Tentara Ukraina, yang tinggal di parit-parit yang membeku, mengakui mereka kelelahan menghadapi musim dingin kedua perang berskala besar dengan negara adidaya yang kaya akan sumber daya dan bersenjata nuklir. Populasi Rusia juga tiga kali lipat dibandingkan Ukraina.
Ukraina tahu untuk dapat melanjutkan perang, mereka harus mendapatkan bantuan militer dari Barat. Hal ini akan menjadi lebih sulit karena perang Israel-Hamas di Gaza yang mengalihkan perhatian dunia.
Pasukan Rusia, yang menduduki sekitar 17,5 persen wilayah Ukraina, kembali melakukan serangan di bagian timur setelah menahan sebagian besar serangan balik Ukraina yang tidak mampu menembus garis pertahanan yang luas di bagian selatan dan timur.

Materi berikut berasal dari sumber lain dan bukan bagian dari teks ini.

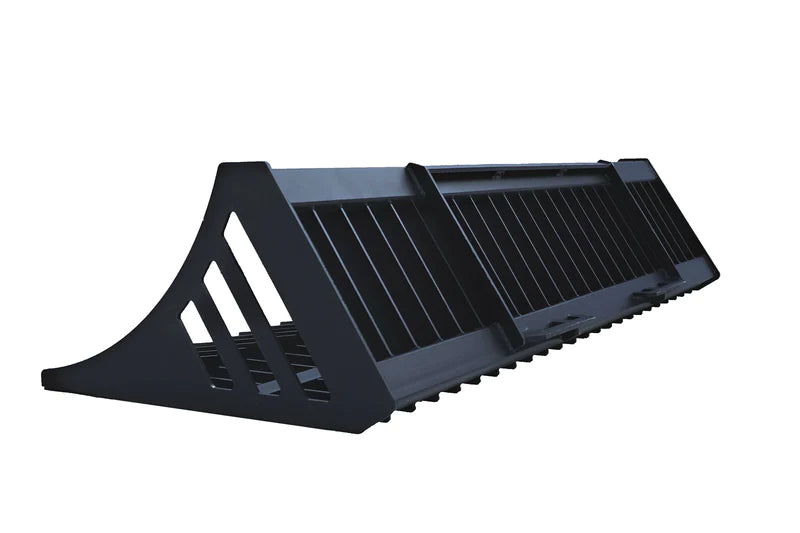 CAEL Rock Bucket for Skid Steer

Prospek yang suram ini sangat kontras dengan optimisme Kievtahun lalu. Setelah Ukraina menentang ekspektasi dengan memukul mundur pasukan Rusia di sekitar ibukota mereka sebelum merebut kembali wilayah di timur laut dan selatan, termasuk kota Kherson.
Jumlah korban jiwa dan terluka terus membengkak, jutaan orang terpaksa mengungsi, kota-kota dan desa-desa Ukraina hancur. Serangan drone dan rudal bagian dari kehidupan negara itu sehari-hari.
Kota Kharkiv membangun sekolah-sekolah di bawah tanah sehingga anak-anak dapat belajar di kelas tanpa khawatir tewas dalam serangan bom. Tilnenko memimpin Crimea SOS, kelompok yang membantu 5 juta pengungsi dalam negeri di Ukraina.
Ia mengatakan tidak berniat pulang ke Kherson karena ancaman artileri dan bom berpandu yang tiada henti. Ia merasa bantuan militer Barat seharusnya datang lebih cepat, dalam jumlah yang lebih besar dan dengan cara yang lebih sedikit.
Ia mengatakan kekuatan udara yang penting untuk serangan balik sangat kurang tahun ini dan jet tempur F-16 yang dijanjikan belum dikirim. Bantuan militer dan keuangan yang penting dari Barat tidak lagi berjalan dengan lancar.
Presiden AS Joe Biden menjadikan kemenangan Ukraina sebagai tujuan kebijakan luar negeri saat ia berkampanye untuk terpilih kembali pada November 2024. Tetapi nasib paket bantuan senilai 60 miliar dolar AS yang diusulkan Biden tidak pasti karena ditentang beberapa anggota Partai Republik.
Proposal bantuan militer Uni Eropa untuk empat tahun senilai 20 miliar euro atau 21,75 miliar dolar AS juga mendapat penolakan dari beberapa anggota blok tersebut.
Kurangnya kemajuan signifikan Ukraina di medan perang tahun ini juga dapat merugikan Biden secara politis dalam pemilihan umum yang dapat menandai kembalinya mantan Presiden Donald Trump, yang meminta Kongres pada musim panas ini untuk menahan bantuan ke Ukraina.